Re: [IxDA Discuss] Article on Number of Usability Test Participants

James Page Sun, 04 Oct 2009 02:40:26 -0700

Jared,

I enjoyed your post, and it is interesting how there was a paradigm shift
from large to small studies. Surely the web's advent in the late 90's mean
that the techniques developed in the late 80's and early 90's need updating,
to leverage the technology change that has happened since then.  We need a
new paradigm shift?


Of course the number of participants depends on what you are wanting to
learn. If you are interested just in one user, one user is enough. But for a
website aiming at a diverse selection users does that hold true?  Doesn't
the number of users boil down to a cost issue?

You argue that techniques like usability testing are used today to see the
design through the eyes of the user. For that we do need more than 5 or 10
users as the diversity, background, frequency of use and experience of the
users has changed significantly since the days of the mainframe computers
that the discount methods where designed around.

When Jakob Nielsen, and others like yourself came up with the discount
methods, in the 1980's most use of a computer was by people that where
trained to do a task, which they did frequently. (I wonder if your own
website in a year has more users, from more countries than used one of the
systems you originally worked on like Digital Equipment Corporation's
PDP10?)

An example of this is before Internet Flight Booking systems came around in
the late 90's it took months of training to be able to book a flight on a
computer. Now nobody trains to be able to book a flight, or hotel. Times
have changed significantly since when the discount methods where developed.
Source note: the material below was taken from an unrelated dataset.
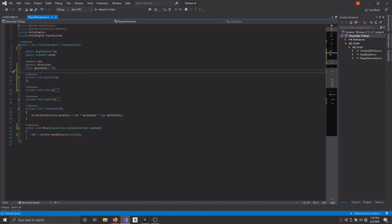So it might be different for you if you're using a side-scroller, it might be a float for X direction, or if you're using 3D movement, it might be Vector3 or whatever the case may be. But yeah, that's why I'm using Vector2.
The issue I have with testing with just a few users is that it can exclude a
significant issue.
Nielsen makes a claim that his useit site might look awful, but that it is
readable, which is is not the case for me. I am Dyslexic, and I find
Nielsen's useit website hard going, because he uses very wide column widths.
(I can read a narrow column twice as fast as I can read a wide one). Now the
chance that when he tested the site with only 8 people that one of the
participants was Dyslexic would be low. But there are still many millions of
us. If he either had used the heuristics from  magazine, or newspaper design
or had tested the site with descent sample size he would know that he had an
issue.  Or maybe the reason he did not discover the issue is because when he
built the site in 1995 screen sizes where smaller and therefore the columns
where too, but times have changed and he needs to re test.

Nielsen's constant of .33 to show that 5 users is enough assumes that 33% of
the test participants will experience the issue. My guess is that between 5%
and 10% would experience the column width issue but I may be wrong and that
is why testing is important.

If Nielsen only tests with 5 or 10 people he has no way in knowing if this
is an issue he needs to fix. Does it only effect me in the United Kingdom,
or are there many more people that have an issue with it?  I am sure that
Nielsen is a very busy person, and is it worth his effort in fixing the
issue? I have heard he built the site himself.  If he solves the problem how
will that effect the users that are used to the original design? With only
testing with eight people it is hard to construct an argument.

By only using a few people for user research in one location, are you not
excluding a significant number of your sites audience?

All the best

James
blog.feralabs.com

My disclaimer is that I co-started www.webnographer.com a online usability
testing tool. The reason that my partner and I have sweat hours in
developing the tool and in developing remote methods is that we believe is
that usability testing needs to become cheaper, and test a more diverse
selection of users than current methods do.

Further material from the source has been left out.